Changes: Updated the config.sh script to clean up MAX_LOG_FILE_NUMBER by removing leading and trailing single quotes before parsing.
Testing: Verified correct parsing of config env.log.max in a real Hadoop 3.3.6 cluster. Confirmed the history server starts without errors after the change.
Verifying this change
This change is a trivial rework / code cleanup without any test coverage.
Does this pull request potentially affect one of the following parts:
- Dependencies (does it add or upgrade a dependency): (no)
- The public API, i.e., is any changed class annotated with
@Public(Evolving): (no) - The serializers: (no)
- The runtime per-record code paths (performance sensitive): (no)
- Anything that affects deployment or recovery: JobManager (and its components), Checkpointing, Kubernetes/Yarn, ZooKeeper: (no)
- The S3 file system connector: (no)
Documentation
- Does this pull request introduce a new feature? (no)

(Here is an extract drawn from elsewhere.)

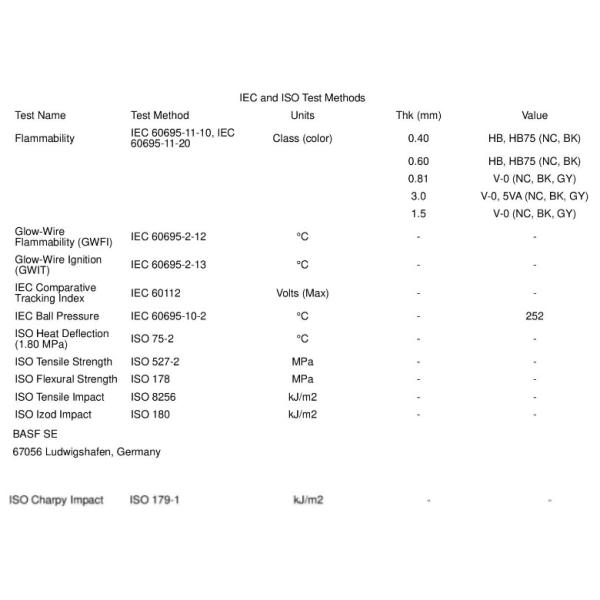 Стекло смолы Nylon66 25% полиамида 66 Ultramid A3X2G5 смолы PA BASF PA66 GF25 - волокно
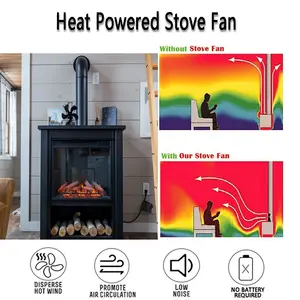 Ventilador de fogão de madeira, alta eficiência atualizada de baixo consumo alimentado por calor para casa 5 lâminas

- If yes, how is the feature documented? (not applicable)
CI report:
- 7a21dd39851cc83976c1b0ca24409e67966021e1 Azure: FAILURE
Bot commands
The @flinkbot bot supports the following commands:@flinkbot run azurere-run the last Azure build
Reviewed by Chi on 23/01/2025 Go back to the submitter with review comments.
@davidradl The reason for tolerating strings is that ConfigurationParserUtils.loadAndModifyConfiguration inherently processes all YAML configuration values as strings due to how Configuration.toFileWritableMap serializes data using YamlParserUtils.toYAMLString. This results in numeric values being wrapped as strings (e.g., '10').
This fix handles this behaviour by removing unnecessary quotes to ensure the value is interpreted correctly. Adding an error check here might result in false positives, as numeric values are always converted to strings in config.yaml
Hey @davidradl, Just checking in on this PR—are there any updates from the review, or any changes you'd like me to make?
Hi @dawidwys , Could you review and merge this PR for [FLINK-37125]? It fixes a NumberFormatException in env.log.max by ensuring correct parsing. The PR is already approved by @davidradl .
Thanks!
This PR is being marked as stale since it has not had any activity in the last 90 days. If you would like to keep this PR alive, please leave a comment asking for a review. If the PR has merge conflicts, update it with the latest from the base branch.
If you are having difficulty finding a reviewer, please reach out to the community, contact details can be found here: https://flink.apache.org/what-is-flink/community/
If this PR is no longer valid or desired, please feel free to close it. If no activity occurs in the next 30 days, it will be automatically closed.
@ferenc-csaky If you see these tickets, you'll see that similar issues have been handled in a targeted manner before, such as in FLINK-4040, FLINK-33721, FLINK-32290
In each case, the fix was localized to avoid widespread changes and potential regressions, I considered updating Configuration.toFileWritableMap to handle type conversions globally. However, this would require significant changes to downstream methods and could introduce unintended side effects.
The change has been tested in a Hadoop 3.3.6 cluster and verified to resolve the error, while not breaking any other functionality, so I went forward with it
@flinkbot run azure
Hi @ferenc-csaky,
Most of the CI tests are now passing, and the PR has received the necessary approvals. Do you think it’s good to merge at this point, or is there anything else you’d like me to address?
@sehajsandhu123 I'd rather not merge this without a successful CI run, can you rebase your commit to the latest master ant force push the PR branch pls? I think that should most probably fix it.
@flinkbot run azure
I’ve just rebased the branch onto the latest master and force-pushed the updates. Could you please trigger a new CI run when you get a chance? Thanks for your help
It's happening after every commited change automatically, but it takes some time to get triggered. Already running for now though. I'll keep an eye on it.
The E2E run in the CI failed because of an Ubuntu package manager network issue, today I had networking probelms with apt-get commands myself, so completely unrelated to this change, hence merging this.